* Collected data entries:
+---+
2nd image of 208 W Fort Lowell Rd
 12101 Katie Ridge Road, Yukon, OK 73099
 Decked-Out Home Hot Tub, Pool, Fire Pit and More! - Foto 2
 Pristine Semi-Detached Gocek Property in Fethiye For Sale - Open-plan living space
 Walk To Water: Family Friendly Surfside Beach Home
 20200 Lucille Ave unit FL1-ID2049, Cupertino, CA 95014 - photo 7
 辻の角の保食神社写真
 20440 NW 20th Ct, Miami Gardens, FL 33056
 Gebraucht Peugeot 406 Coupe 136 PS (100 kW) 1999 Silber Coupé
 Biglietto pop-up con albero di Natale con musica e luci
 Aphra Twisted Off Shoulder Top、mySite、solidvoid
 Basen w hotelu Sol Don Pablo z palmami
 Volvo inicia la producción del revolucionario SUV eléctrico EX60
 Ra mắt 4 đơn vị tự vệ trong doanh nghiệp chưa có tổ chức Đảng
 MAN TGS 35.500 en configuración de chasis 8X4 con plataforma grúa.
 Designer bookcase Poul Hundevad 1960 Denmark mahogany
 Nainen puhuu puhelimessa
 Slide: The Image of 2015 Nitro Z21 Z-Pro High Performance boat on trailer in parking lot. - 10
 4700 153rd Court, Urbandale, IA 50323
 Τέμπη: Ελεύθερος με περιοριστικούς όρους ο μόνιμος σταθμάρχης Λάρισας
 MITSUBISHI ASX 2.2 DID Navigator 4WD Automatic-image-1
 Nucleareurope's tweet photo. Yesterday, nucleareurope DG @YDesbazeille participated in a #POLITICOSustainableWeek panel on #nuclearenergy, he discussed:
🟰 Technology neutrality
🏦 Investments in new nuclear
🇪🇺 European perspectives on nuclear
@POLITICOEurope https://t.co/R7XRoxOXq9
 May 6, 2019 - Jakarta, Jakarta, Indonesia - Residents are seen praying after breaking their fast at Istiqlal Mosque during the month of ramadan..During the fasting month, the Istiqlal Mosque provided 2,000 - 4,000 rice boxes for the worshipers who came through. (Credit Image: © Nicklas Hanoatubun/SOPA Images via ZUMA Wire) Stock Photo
+---+
* Aim of the task: Every line from the one that has "Basen w hotelu Sol Don Pablo z palmami" down to the last line above must be written out exactly, with both ends included and nothing else.

* Reply to the task:
 Basen w hotelu Sol Don Pablo z palmami
 Volvo inicia la producción del revolucionario SUV eléctrico EX60
 Ra mắt 4 đơn vị tự vệ trong doanh nghiệp chưa có tổ chức Đảng
 MAN TGS 35.500 en configuración de chasis 8X4 con plataforma grúa.
 Designer bookcase Poul Hundevad 1960 Denmark mahogany
 Nainen puhuu puhelimessa
 Slide: The Image of 2015 Nitro Z21 Z-Pro High Performance boat on trailer in parking lot. - 10
 4700 153rd Court, Urbandale, IA 50323
 Τέμπη: Ελεύθερος με περιοριστικούς όρους ο μόνιμος σταθμάρχης Λάρισας
 MITSUBISHI ASX 2.2 DID Navigator 4WD Automatic-image-1
 Nucleareurope's tweet photo. Yesterday, nucleareurope DG @YDesbazeille participated in a #POLITICOSustainableWeek panel on #nuclearenergy, he discussed:
🟰 Technology neutrality
🏦 Investments in new nuclear
🇪🇺 European perspectives on nuclear
@POLITICOEurope https://t.co/R7XRoxOXq9
 May 6, 2019 - Jakarta, Jakarta, Indonesia - Residents are seen praying after breaking their fast at Istiqlal Mosque during the month of ramadan..During the fasting month, the Istiqlal Mosque provided 2,000 - 4,000 rice boxes for the worshipers who came through. (Credit Image: © Nicklas Hanoatubun/SOPA Images via ZUMA Wire) Stock Photo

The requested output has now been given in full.